EXERCISE INPUTS:

•••••

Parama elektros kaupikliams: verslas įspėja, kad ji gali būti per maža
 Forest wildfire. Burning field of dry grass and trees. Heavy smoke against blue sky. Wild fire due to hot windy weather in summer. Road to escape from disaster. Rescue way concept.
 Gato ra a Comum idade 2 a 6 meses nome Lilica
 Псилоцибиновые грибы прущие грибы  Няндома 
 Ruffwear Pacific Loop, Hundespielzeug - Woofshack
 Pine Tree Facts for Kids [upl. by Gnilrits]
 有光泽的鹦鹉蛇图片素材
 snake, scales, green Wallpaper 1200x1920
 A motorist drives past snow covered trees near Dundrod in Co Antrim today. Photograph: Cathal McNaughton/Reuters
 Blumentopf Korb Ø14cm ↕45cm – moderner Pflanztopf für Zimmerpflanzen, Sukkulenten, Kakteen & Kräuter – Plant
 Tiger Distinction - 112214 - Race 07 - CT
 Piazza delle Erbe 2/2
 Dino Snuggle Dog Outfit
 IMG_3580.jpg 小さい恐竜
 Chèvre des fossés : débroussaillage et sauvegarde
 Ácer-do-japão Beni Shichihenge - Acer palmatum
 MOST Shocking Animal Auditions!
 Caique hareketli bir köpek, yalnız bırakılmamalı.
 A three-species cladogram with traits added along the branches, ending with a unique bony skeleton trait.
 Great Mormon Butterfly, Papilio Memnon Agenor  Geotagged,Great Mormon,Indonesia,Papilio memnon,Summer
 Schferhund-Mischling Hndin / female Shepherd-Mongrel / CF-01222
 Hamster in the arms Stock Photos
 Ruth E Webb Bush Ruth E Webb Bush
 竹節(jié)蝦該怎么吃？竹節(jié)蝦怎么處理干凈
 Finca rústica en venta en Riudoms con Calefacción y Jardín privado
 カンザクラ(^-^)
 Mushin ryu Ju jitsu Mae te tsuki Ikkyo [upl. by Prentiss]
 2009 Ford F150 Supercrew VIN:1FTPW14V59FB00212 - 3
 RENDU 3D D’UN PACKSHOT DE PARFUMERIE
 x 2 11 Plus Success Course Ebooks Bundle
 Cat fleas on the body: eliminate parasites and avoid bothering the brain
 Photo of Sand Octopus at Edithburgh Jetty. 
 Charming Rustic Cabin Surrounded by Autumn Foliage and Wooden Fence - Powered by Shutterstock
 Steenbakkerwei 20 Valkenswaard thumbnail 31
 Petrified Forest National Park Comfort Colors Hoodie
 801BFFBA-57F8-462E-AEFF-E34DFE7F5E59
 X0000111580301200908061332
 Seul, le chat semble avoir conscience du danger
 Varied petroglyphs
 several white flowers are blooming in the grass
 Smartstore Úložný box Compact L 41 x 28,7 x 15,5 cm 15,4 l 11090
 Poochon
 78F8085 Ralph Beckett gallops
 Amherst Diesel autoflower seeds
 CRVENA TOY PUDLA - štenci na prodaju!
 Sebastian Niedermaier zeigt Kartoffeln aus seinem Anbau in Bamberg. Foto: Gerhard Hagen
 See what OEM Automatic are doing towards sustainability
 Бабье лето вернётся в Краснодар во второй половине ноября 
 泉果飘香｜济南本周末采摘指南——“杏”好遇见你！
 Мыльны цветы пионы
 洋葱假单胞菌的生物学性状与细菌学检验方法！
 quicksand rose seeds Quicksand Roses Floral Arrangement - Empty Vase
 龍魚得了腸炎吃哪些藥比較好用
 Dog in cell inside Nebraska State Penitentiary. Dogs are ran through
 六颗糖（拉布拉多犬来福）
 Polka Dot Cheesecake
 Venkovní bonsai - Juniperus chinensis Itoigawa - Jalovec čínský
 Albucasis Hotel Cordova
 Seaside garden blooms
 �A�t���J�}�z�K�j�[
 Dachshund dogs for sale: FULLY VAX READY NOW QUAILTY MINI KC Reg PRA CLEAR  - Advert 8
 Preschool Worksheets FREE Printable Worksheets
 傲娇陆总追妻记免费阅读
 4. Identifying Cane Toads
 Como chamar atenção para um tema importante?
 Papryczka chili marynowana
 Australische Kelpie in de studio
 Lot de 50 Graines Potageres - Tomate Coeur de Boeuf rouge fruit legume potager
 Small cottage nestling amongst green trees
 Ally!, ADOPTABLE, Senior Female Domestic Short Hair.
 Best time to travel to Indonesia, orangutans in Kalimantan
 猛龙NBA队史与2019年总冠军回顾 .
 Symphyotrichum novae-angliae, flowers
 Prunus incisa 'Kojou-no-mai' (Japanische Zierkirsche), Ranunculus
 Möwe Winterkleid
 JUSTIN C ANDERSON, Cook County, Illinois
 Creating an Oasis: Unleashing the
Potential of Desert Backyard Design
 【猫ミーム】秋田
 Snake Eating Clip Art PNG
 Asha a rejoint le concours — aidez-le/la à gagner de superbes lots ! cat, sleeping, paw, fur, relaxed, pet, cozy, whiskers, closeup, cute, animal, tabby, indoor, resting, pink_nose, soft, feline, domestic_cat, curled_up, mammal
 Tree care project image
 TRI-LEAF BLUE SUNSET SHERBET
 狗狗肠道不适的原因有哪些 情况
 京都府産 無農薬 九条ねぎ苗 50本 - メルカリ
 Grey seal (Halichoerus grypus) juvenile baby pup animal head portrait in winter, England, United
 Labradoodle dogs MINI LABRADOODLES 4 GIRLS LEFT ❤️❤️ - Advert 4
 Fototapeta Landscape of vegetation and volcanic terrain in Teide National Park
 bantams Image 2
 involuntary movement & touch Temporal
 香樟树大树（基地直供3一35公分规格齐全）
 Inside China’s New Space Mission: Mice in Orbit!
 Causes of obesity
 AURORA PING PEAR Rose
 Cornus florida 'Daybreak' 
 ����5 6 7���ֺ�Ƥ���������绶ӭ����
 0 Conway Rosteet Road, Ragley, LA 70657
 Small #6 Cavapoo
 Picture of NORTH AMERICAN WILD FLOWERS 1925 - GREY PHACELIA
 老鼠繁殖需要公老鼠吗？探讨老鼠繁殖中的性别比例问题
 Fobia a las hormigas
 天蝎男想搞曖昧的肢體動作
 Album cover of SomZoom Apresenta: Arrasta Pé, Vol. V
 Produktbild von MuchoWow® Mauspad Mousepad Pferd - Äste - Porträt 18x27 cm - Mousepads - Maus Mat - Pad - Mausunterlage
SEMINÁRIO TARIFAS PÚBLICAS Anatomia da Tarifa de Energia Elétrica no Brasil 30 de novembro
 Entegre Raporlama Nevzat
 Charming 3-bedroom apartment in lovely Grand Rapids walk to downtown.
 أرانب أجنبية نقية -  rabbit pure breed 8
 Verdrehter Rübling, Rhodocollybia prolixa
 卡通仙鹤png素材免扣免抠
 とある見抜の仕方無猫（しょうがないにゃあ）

•••••

WHAT TO WORK ON: Reproduce the entries above exactly, but only the lines between the line holding "Мыльны цветы пионы" and the line holding "Album cover of", inclusive.

ANSWER AREA:
 Мыльны цветы пионы
 洋葱假单胞菌的生物学性状与细菌学检验方法！
 quicksand rose seeds Quicksand Roses Floral Arrangement - Empty Vase
 龍魚得了腸炎吃哪些藥比較好用
 Dog in cell inside Nebraska State Penitentiary. Dogs are ran through
 六颗糖（拉布拉多犬来福）
 Polka Dot Cheesecake
 Venkovní bonsai - Juniperus chinensis Itoigawa - Jalovec čínský
 Albucasis Hotel Cordova
 Seaside garden blooms
 �A�t���J�}�z�K�j�[
 Dachshund dogs for sale: FULLY VAX READY NOW QUAILTY MINI KC Reg PRA CLEAR  - Advert 8
 Preschool Worksheets FREE Printable Worksheets
 傲娇陆总追妻记免费阅读
 4. Identifying Cane Toads
 Como chamar atenção para um tema importante?
 Papryczka chili marynowana
 Australische Kelpie in de studio
 Lot de 50 Graines Potageres - Tomate Coeur de Boeuf rouge fruit legume potager
 Small cottage nestling amongst green trees
 Ally!, ADOPTABLE, Senior Female Domestic Short Hair.
 Best time to travel to Indonesia, orangutans in Kalimantan
 猛龙NBA队史与2019年总冠军回顾 .
 Symphyotrichum novae-angliae, flowers
 Prunus incisa 'Kojou-no-mai' (Japanische Zierkirsche), Ranunculus
 Möwe Winterkleid
 JUSTIN C ANDERSON, Cook County, Illinois
 Creating an Oasis: Unleashing the
Potential of Desert Backyard Design
 【猫ミーム】秋田
 Snake Eating Clip Art PNG
 Asha a rejoint le concours — aidez-le/la à gagner de superbes lots ! cat, sleeping, paw, fur, relaxed, pet, cozy, whiskers, closeup, cute, animal, tabby, indoor, resting, pink_nose, soft, feline, domestic_cat, curled_up, mammal
 Tree care project image
 TRI-LEAF BLUE SUNSET SHERBET
 狗狗肠道不适的原因有哪些 情况
 京都府産 無農薬 九条ねぎ苗 50本 - メルカリ
 Grey seal (Halichoerus grypus) juvenile baby pup animal head portrait in winter, England, United
 Labradoodle dogs MINI LABRADOODLES 4 GIRLS LEFT ❤️❤️ - Advert 4
 Fototapeta Landscape of vegetation and volcanic terrain in Teide National Park
 bantams Image 2
 involuntary movement & touch Temporal
 香樟树大树（基地直供3一35公分规格齐全）
 Inside China’s New Space Mission: Mice in Orbit!
 Causes of obesity
 AURORA PING PEAR Rose
 Cornus florida 'Daybreak' 
 ����5 6 7���ֺ�Ƥ���������绶ӭ����
 0 Conway Rosteet Road, Ragley, LA 70657
 Small #6 Cavapoo
 Picture of NORTH AMERICAN WILD FLOWERS 1925 - GREY PHACELIA
 老鼠繁殖需要公老鼠吗？探讨老鼠繁殖中的性别比例问题
 Fobia a las hormigas
 天蝎男想搞曖昧的肢體動作
 Album cover of SomZoom Apresenta: Arrasta Pé, Vol. V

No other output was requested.